So for mixup with multilabel classification we should use y_stack=False? Could you explain what that’s doing, exactly?
Indeed you should.
y_stack=True stacks the not-encoded targets of the batch, the shuffled version of the batch and the lambda vector.
y_stack=False will just do the linear combination directly.
nixup is also effective for detection
“Bag of Freebies for Training Object Detection Neural Networks”
Zhi Zhang, Tong He, Hang Zhang, Zhongyuan Zhang, Junyuan Xie, Mu Li
A question: is it possible to apply mixup to the last conv-layers activation instead to the images themselves?. Thus to train only the head of a large conv-net (like resnet50) by mixing-up two 7x7x2048 or so activations?
Yes, you just have to use pytorch hooks for that.
Is is possible we use mixup for certain categories only？ For example, we do not use the mixup feature for the last category, but use this for all other categories ?
Besides, I notice: when enable mixup feature, it seems the training loss is always bigger than valid loss. Is this normal?
Is there evidence this mixup method of data aug generalizes beyond CIFAR10 and imagenet?
You’d have to rewrite your version of the callback for that, but it’s possible (anything is possible, you just have to code it ).
Mixup is a tool to avoid ovefitting, so yes, it’s normal your training loss is bigger. Try reducing the alpha parameter.
I don’t see functionality for embedding mixing in mixup.py code in fastai, can you please share how you approach this? Are there plans to add such feature to mixup?
I’m thinking of taking a crack at this at some point. Essentially you have to pull the embedding outputs for two data points and mix them, rather than simply being able to mix the images directly. Probably could be done pretty easily with a custom layer.
@sgugger Seems like the idea of extending this to the embedding representations (and to all other layers!) has been explored:
They pick a random layer to combine from each minibatch, which seems to improve performance beyond Mixup.
There’s also MixFeat:
Which to my understanding (and I’m still trying to fully grok the paper) is about applying noise at different layers in a mixing fashion, so rather than swapping the entire response at a given layer for a % of activations, they mix the activations together. I’m working on a layer that does the mixing from the batch, which should make it pretty efficient, in order to try and replicate their results. As far as I can tell it should be somewhat orthogonal to mixup and manifold mixup because it’s not mixing targets.

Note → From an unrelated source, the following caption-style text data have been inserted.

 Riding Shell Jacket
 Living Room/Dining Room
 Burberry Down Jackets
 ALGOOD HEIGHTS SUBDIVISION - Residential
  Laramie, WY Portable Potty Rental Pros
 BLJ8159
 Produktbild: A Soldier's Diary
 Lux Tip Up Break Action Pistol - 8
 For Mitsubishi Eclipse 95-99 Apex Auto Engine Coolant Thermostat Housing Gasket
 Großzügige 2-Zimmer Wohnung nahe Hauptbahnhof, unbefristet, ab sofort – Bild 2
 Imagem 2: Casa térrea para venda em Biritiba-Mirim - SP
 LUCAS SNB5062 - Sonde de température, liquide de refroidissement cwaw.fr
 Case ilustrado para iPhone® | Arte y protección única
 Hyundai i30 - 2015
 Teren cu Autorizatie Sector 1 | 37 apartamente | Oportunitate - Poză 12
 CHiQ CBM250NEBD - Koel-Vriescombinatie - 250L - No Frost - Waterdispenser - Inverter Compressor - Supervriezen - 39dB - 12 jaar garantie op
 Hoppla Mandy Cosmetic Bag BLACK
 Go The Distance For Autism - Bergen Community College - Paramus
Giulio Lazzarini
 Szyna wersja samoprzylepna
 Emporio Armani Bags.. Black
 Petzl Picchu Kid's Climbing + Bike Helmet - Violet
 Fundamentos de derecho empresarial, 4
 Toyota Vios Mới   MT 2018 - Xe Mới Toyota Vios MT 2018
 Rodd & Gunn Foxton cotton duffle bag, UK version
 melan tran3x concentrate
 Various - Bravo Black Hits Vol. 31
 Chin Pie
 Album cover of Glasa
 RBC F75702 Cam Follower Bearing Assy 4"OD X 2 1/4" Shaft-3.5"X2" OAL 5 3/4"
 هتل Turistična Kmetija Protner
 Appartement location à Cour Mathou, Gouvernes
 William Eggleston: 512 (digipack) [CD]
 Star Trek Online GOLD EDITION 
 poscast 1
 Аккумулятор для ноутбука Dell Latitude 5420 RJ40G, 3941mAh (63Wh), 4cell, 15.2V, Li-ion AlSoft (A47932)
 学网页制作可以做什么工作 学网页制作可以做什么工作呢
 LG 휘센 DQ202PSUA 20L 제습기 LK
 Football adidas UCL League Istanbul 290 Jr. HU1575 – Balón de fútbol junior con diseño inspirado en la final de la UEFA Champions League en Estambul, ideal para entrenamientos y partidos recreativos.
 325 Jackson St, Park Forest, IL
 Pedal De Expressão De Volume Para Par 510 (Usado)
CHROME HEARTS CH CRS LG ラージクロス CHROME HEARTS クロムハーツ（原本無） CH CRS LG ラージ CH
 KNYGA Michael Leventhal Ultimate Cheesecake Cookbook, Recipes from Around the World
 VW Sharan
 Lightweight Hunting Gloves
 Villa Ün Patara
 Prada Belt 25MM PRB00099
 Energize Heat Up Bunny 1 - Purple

I’ll also try to take a crack at manifold mixup, assuming I can get the chance in the next few weeks since it covers the embedding case.
I had seen the manifold mixup paper, but hadn’t gotten significant improvement over simple mixup in my experiments.
I’ll look at this MixFeat paper. It sounds a lot like the Shake/Even method at a first glance.
I’m familiar with Shake-Shake and Shake-Drop, but not Shake-Even. Can you link to the paper? I did some googling and came up dry. It might be similar, but there’s also a good chance I’m not doing it justice in my description of it. I’m still working my way through it.